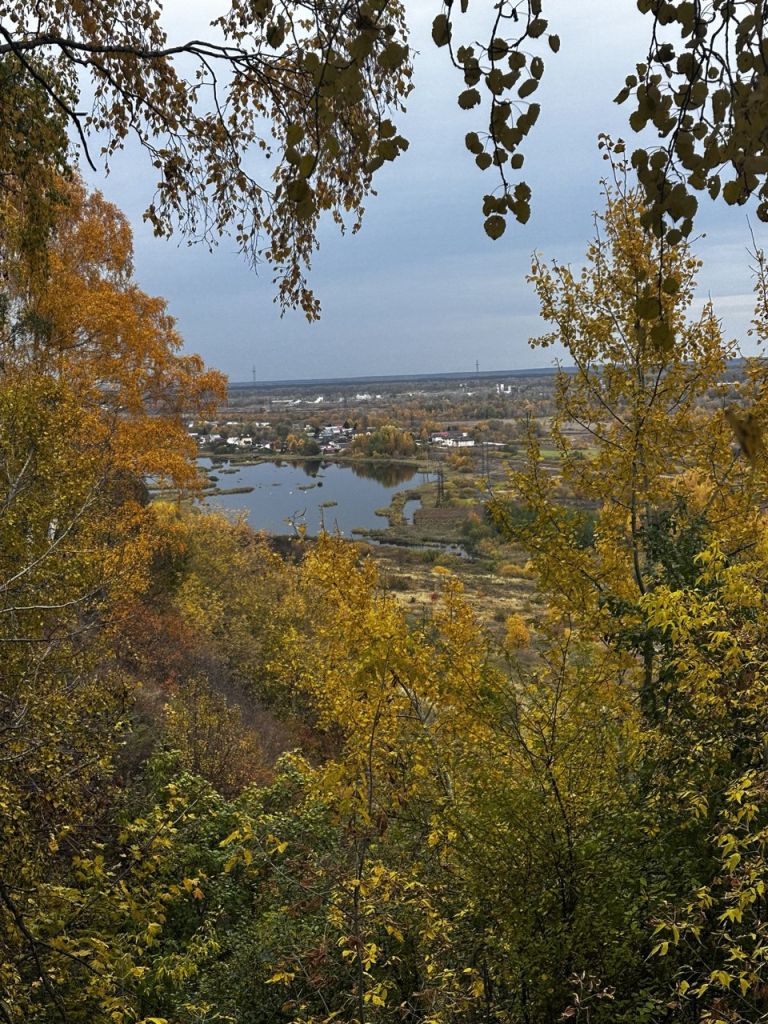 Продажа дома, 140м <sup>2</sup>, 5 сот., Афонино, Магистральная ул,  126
== == ==
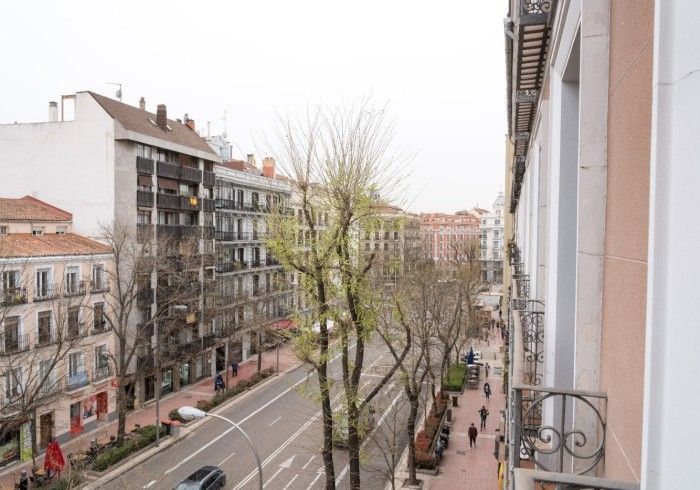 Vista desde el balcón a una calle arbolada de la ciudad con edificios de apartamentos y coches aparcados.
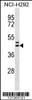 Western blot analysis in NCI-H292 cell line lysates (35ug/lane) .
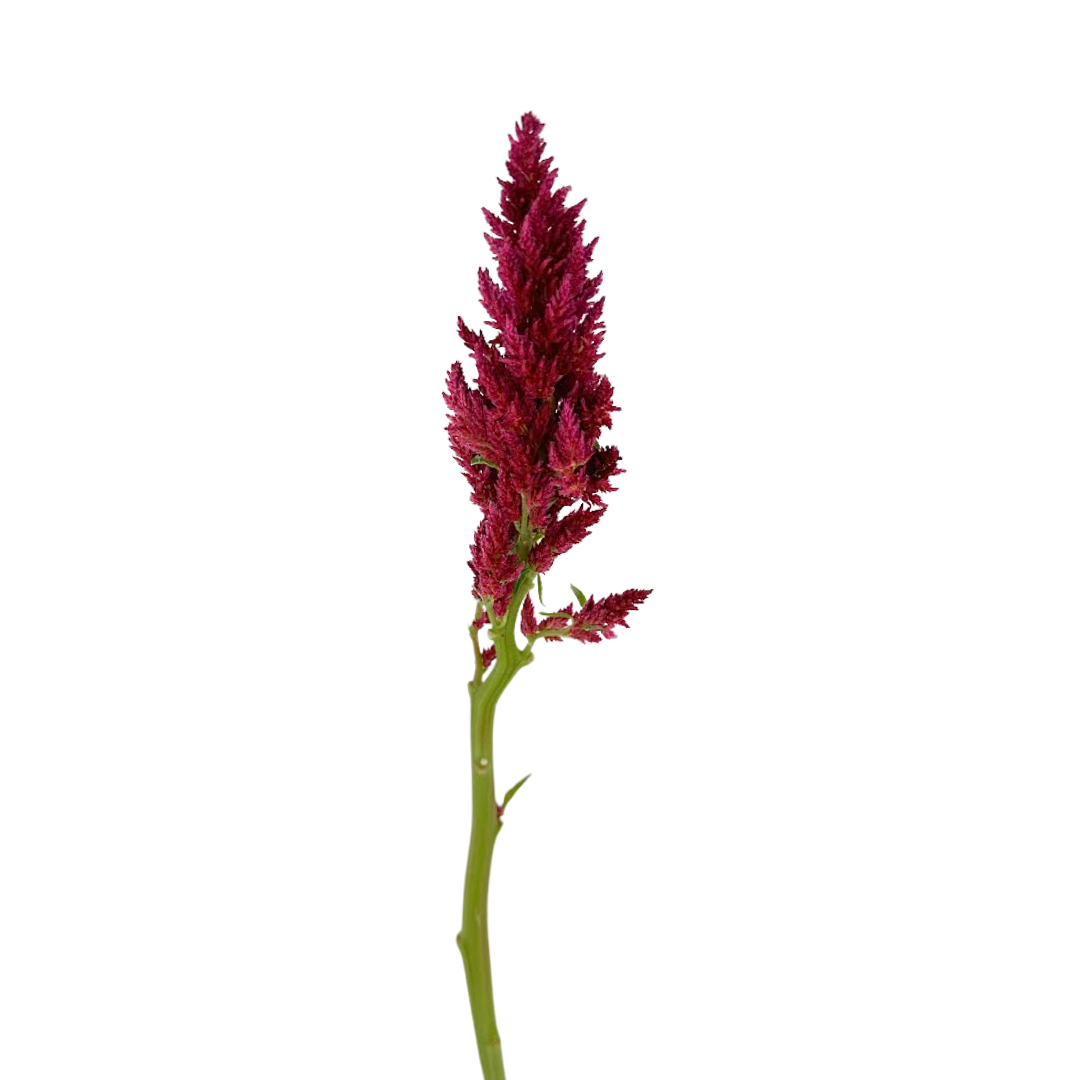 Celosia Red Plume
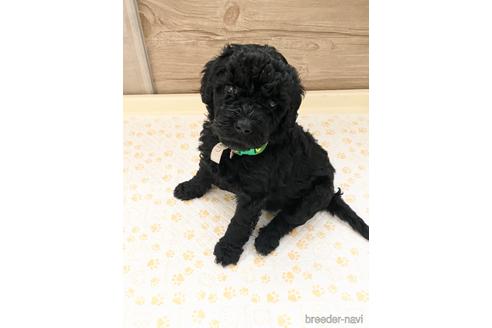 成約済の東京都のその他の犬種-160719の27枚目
== == ==
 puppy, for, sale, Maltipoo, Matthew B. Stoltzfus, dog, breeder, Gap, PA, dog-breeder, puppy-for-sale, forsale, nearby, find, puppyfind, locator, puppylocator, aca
== == ==
> Exercise directions
Look above for the line with "Celosia Red Plume", then print it and each line after it down to and including the line with "成約済の東京都のその他の犬種-160719の27枚目". Leave out the pictures and keep the wording exact.

> Finished task
 Celosia Red Plume
 成約済の東京都のその他の犬種-160719の27枚目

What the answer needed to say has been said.